I have been going back and forth, trying to decide if I should share an online dating jewel with y’all. After a little discussion with some friends and family, I realize it’s toofuckinggood not to share.
Yesterday I received this email, by way of nameless dating service, from a 59 year old man:
“Have you ever considered going out with an older man?”
He also included a link to a personal website (which I am not posting to protect the innocent guilty save my own ass).
On this oh-so-lovely webpage, there was a picture of the gentleman (Exhibit A) and A LOT of poetry. I immediately thought of Nick Nolte’s mugshot (Exhibit B). Though I think Stefanie deserves an award for recognizing similarities with The Dude (Big Lebowski, Exhibit C). Don’t believe me? See for yourself.
Exhibit B
Rather than post a gajillion pieces of poetry, I will share two of my favorite snippets.
she was deeply cut
bled out
it took a long time to heal
pity
WOW. Cut deeply? Bled out? Bring on the skin suit! Let us get to a remote location ASAP.

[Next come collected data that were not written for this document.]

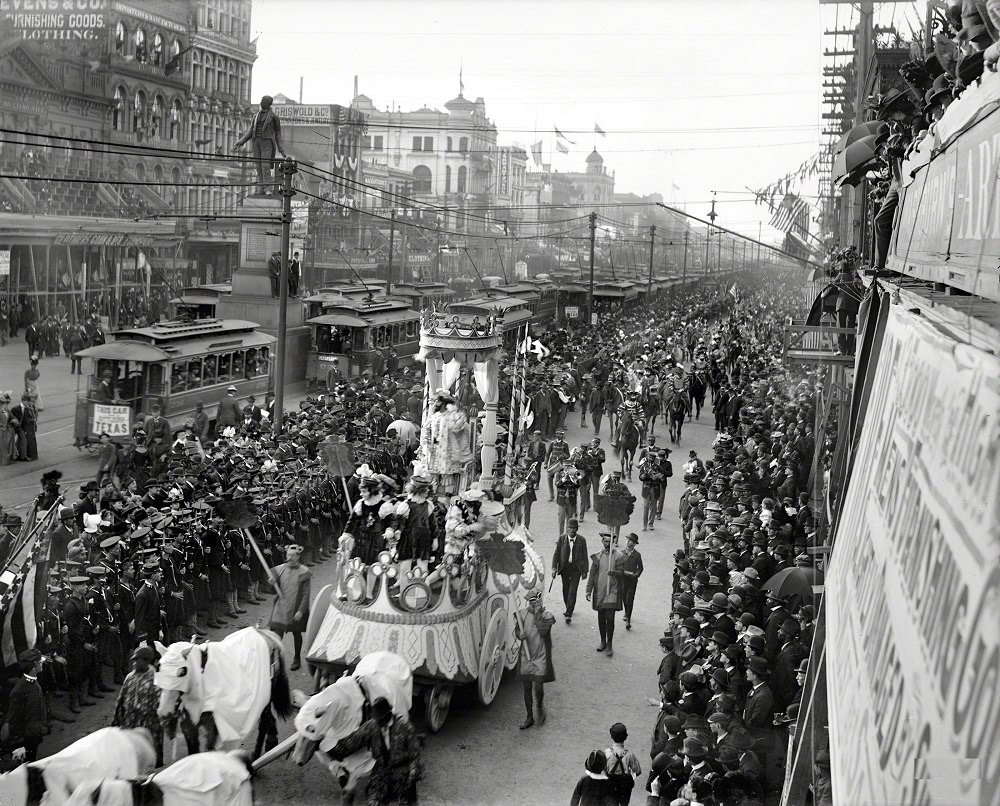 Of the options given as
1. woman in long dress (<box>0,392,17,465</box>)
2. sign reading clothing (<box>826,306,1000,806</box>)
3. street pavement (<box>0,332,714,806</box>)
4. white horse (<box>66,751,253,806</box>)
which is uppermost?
sign reading clothing (<box>826,306,1000,806</box>)

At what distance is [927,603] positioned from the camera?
2648 mm

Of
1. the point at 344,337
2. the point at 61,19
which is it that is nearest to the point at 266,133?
the point at 344,337

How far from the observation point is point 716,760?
773 cm

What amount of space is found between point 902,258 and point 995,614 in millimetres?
7579

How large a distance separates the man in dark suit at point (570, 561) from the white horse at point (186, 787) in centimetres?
729

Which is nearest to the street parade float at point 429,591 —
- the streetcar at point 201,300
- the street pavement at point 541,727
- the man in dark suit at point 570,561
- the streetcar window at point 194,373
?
the street pavement at point 541,727

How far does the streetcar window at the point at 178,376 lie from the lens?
25.3 meters

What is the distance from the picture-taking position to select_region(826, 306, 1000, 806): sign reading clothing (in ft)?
6.76

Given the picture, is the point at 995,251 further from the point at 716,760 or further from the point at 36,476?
the point at 36,476

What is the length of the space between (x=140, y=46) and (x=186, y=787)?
189ft

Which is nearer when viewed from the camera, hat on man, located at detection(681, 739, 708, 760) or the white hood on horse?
hat on man, located at detection(681, 739, 708, 760)

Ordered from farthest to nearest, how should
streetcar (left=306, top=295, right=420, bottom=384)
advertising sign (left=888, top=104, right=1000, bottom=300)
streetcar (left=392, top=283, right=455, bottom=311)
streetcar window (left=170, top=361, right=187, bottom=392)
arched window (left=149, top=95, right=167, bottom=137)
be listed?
arched window (left=149, top=95, right=167, bottom=137), streetcar (left=392, top=283, right=455, bottom=311), streetcar (left=306, top=295, right=420, bottom=384), streetcar window (left=170, top=361, right=187, bottom=392), advertising sign (left=888, top=104, right=1000, bottom=300)

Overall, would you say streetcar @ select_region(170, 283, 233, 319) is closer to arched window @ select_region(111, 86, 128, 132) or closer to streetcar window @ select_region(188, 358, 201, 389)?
streetcar window @ select_region(188, 358, 201, 389)

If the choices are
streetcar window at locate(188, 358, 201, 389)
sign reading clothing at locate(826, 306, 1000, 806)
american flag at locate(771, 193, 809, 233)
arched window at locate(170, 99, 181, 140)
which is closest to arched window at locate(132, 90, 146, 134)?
arched window at locate(170, 99, 181, 140) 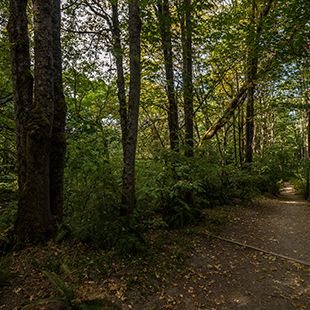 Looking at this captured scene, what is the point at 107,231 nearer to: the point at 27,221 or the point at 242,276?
the point at 27,221

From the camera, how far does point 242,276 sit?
4266mm

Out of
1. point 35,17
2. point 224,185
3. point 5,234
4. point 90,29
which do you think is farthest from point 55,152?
point 224,185

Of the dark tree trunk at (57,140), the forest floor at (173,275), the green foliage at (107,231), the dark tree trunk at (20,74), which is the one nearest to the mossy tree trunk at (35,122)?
the dark tree trunk at (20,74)

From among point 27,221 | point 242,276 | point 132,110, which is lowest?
point 242,276

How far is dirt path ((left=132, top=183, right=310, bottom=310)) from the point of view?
3428mm

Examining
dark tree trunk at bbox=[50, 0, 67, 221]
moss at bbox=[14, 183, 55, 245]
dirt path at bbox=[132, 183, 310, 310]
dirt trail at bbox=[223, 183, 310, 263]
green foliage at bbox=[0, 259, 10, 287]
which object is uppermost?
dark tree trunk at bbox=[50, 0, 67, 221]

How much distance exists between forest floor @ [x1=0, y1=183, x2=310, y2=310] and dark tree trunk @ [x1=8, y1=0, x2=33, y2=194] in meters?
1.88

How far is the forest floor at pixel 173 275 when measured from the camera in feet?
10.3

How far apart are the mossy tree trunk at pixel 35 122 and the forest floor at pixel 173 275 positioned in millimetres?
585

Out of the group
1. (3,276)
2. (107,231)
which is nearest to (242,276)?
(107,231)

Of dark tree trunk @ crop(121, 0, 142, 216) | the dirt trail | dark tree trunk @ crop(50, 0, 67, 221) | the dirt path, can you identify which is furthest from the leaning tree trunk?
the dirt trail

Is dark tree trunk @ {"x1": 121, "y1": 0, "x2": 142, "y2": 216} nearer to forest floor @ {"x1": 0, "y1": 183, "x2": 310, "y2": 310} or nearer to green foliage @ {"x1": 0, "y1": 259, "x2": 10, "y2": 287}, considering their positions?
forest floor @ {"x1": 0, "y1": 183, "x2": 310, "y2": 310}

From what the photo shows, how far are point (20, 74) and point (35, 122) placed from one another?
119cm

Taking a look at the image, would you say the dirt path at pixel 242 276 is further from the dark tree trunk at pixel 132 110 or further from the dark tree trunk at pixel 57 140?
the dark tree trunk at pixel 57 140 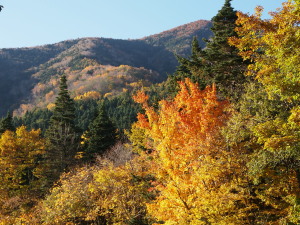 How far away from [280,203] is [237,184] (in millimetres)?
2211

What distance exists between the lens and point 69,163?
1371 inches

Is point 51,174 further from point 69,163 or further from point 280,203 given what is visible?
point 280,203

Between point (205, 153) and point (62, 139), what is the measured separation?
28.5 metres

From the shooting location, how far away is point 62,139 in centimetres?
3756

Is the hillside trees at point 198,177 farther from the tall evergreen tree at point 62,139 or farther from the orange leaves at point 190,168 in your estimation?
the tall evergreen tree at point 62,139

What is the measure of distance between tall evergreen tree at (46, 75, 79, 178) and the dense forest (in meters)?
0.16

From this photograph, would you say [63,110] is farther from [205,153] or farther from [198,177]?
[198,177]

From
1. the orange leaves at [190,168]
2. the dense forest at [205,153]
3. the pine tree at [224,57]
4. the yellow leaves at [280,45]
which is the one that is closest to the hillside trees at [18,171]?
the dense forest at [205,153]

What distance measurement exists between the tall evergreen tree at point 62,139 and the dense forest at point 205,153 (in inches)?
6.2

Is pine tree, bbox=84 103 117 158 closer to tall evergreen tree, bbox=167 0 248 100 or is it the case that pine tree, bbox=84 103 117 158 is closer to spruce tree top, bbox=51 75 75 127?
spruce tree top, bbox=51 75 75 127

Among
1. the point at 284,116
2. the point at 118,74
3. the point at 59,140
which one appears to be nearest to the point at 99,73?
the point at 118,74

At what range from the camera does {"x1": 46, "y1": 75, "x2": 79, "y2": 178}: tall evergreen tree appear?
1361 inches

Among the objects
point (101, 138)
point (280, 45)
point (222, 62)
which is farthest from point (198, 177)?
point (101, 138)

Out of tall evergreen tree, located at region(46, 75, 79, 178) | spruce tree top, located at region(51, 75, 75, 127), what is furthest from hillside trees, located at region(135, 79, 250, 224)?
spruce tree top, located at region(51, 75, 75, 127) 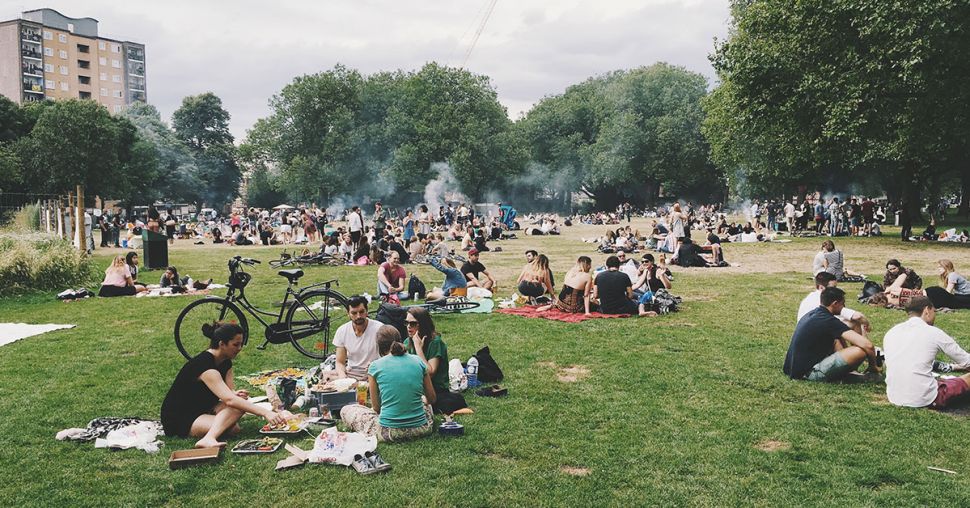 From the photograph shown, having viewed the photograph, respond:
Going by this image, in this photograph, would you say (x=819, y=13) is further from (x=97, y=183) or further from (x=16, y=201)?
(x=97, y=183)

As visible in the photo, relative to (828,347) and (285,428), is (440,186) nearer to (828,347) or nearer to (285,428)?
(828,347)

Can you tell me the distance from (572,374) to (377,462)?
11.9 ft

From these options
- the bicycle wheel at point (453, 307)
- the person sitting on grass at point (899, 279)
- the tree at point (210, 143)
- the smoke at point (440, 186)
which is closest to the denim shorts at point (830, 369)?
the person sitting on grass at point (899, 279)

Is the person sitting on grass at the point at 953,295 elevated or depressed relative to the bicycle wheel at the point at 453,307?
elevated

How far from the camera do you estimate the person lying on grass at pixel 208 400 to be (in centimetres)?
655

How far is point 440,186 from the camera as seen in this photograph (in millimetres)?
65375

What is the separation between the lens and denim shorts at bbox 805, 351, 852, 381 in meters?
8.20

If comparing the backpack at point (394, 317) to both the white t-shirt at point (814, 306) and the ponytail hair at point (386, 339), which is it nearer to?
the ponytail hair at point (386, 339)

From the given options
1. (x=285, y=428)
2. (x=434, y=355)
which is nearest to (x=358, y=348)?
(x=434, y=355)

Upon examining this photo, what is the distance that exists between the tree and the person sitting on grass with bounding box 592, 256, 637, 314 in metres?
76.4

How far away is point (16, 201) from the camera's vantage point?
25.6 meters

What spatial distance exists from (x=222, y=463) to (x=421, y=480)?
5.69ft

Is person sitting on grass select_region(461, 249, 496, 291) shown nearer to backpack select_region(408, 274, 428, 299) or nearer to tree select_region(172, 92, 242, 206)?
backpack select_region(408, 274, 428, 299)

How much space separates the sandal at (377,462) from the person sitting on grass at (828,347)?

I would bring you gifts of flowers
to make a garland for your hair
I suppose that would be preferable to boyfriends who forget my birthday or “don’t believe” in Valentine’s Day.
What is the best part about his webpage, you ask? Embedded Celtic music!
I sent this all of this to my sister, who frantically called to ask what on earth was going on. I explained he’s an older man who contacted me on namelessdatingwebsite. Then I said maybe I should consider responding and meeting up with him. He’s the same age as our parents, so that would (obviously) be great; they would have so much in common! Plus, there’s the sweet music and gentle poetry. When I told her that I thought his ears would smell fantastic and I couldn’t wait to have like 100 of his babies, my sister drew the line: “Don’t you EVER say that again. It’s so gross you just made my uterus throw up.”